The coronavirus has wreaked havoc throughout the world. Industrialized economies with world-renowned health systems have struggled with hundreds of thousands of cases of COVID-19, tens of thousands of deaths, and significant economic disruption. But what has been, and what could be, the experience of extremely vulnerable populations who are already in precarious situations — those in fragile states throughout the world, in war zones such as Syria and Yemen, and in refugee camps such as the Rohingya in Bangladesh? How can unprepared and under-resourced health systems respond? How can the international community coordinate a humanitarian response to help attend to the health crisis, as well as the ensuing impacts on already frail communities facing challenging political, economic, and security situations?
In order to assess these questions, Asia Society Policy Institute President Kevin Rudd spoke last week with two experts — former U.K. Foreign Secretary and current International Rescue Committee President and CEO David Miliband and former U.N. Under Secretary-General for Humanitarian Affairs and Emergency Relief Coordinator and now the University of London’s SOAS Director Valerie Amos.

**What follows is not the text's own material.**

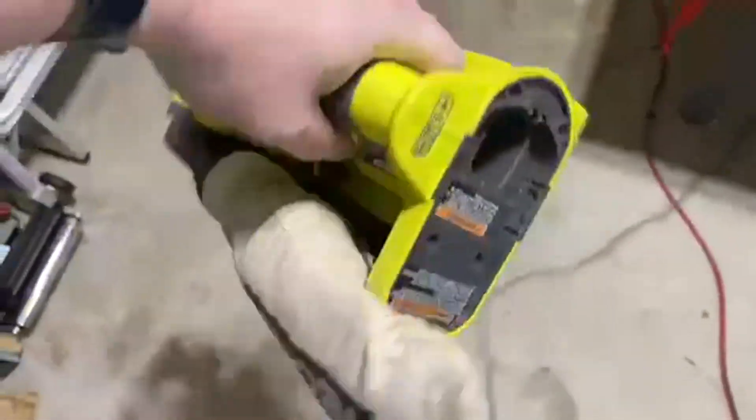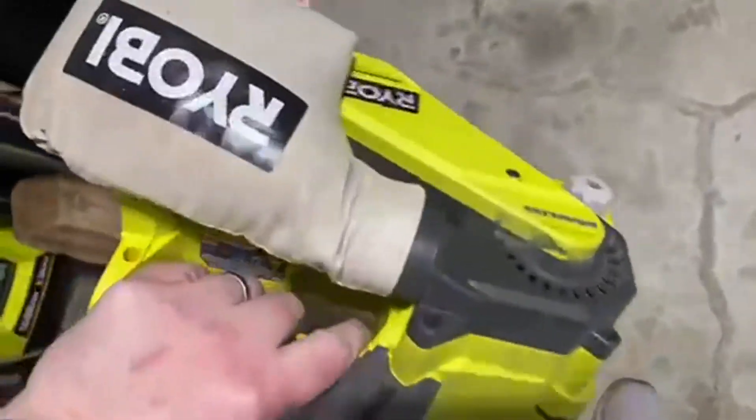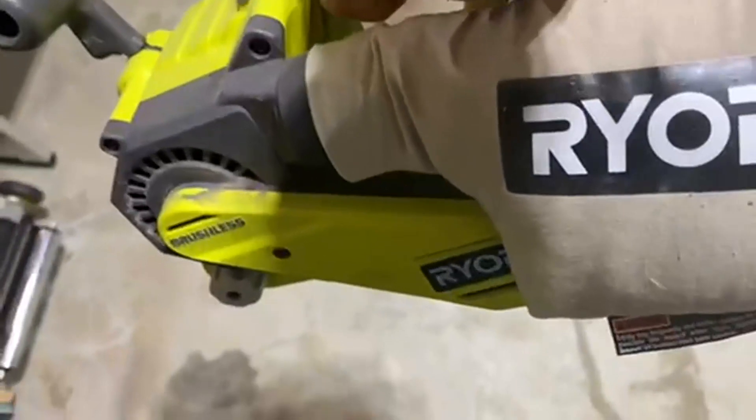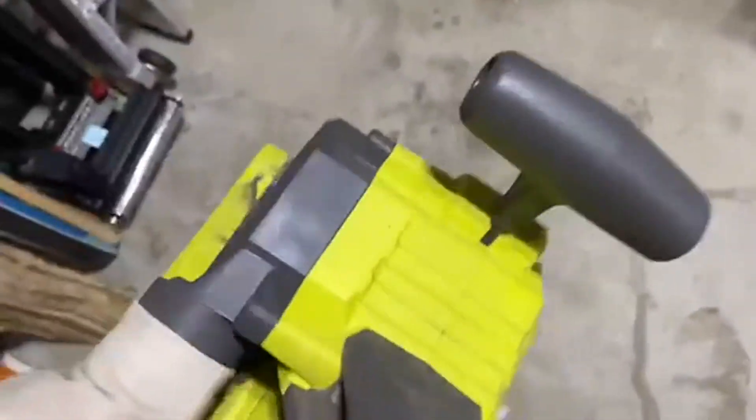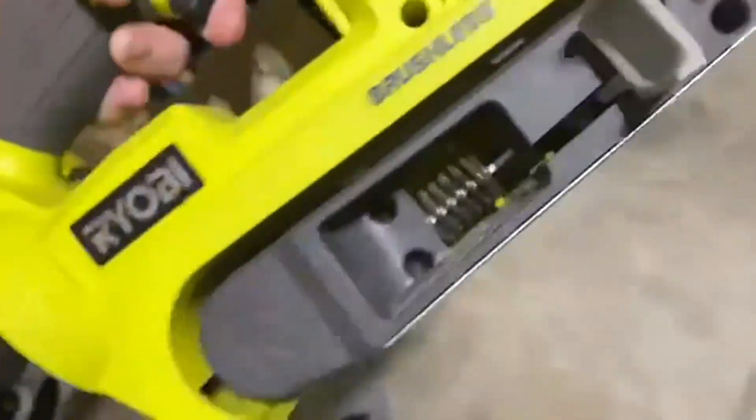Today we're going to be talking about the Ryobi OnePlus 18 Volt Ion 3x18 inch brushless belt sander with dust bag. This is really awesome, number one because it's Ryobi and it's the 18 volt One+, so I can plug it into just like all of my other Ryobi 18 volt devices.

One issue that both Miliband and Amos highlighted was declining American leadership in global institutions. They noted that the Trump administration’s announcement on Friday that the U.S. would withdraw from the World Health Organization has hampered these institutions’ ability to respond on the ground to crises like COVID-19.
“When you have a pandemic like this that is affecting countries in a very deep way, countries aren’t necessarily going to raise their hands and take on the leadership that is required,” said Amos. “There’s a vacuum there that’s very hard to fill.”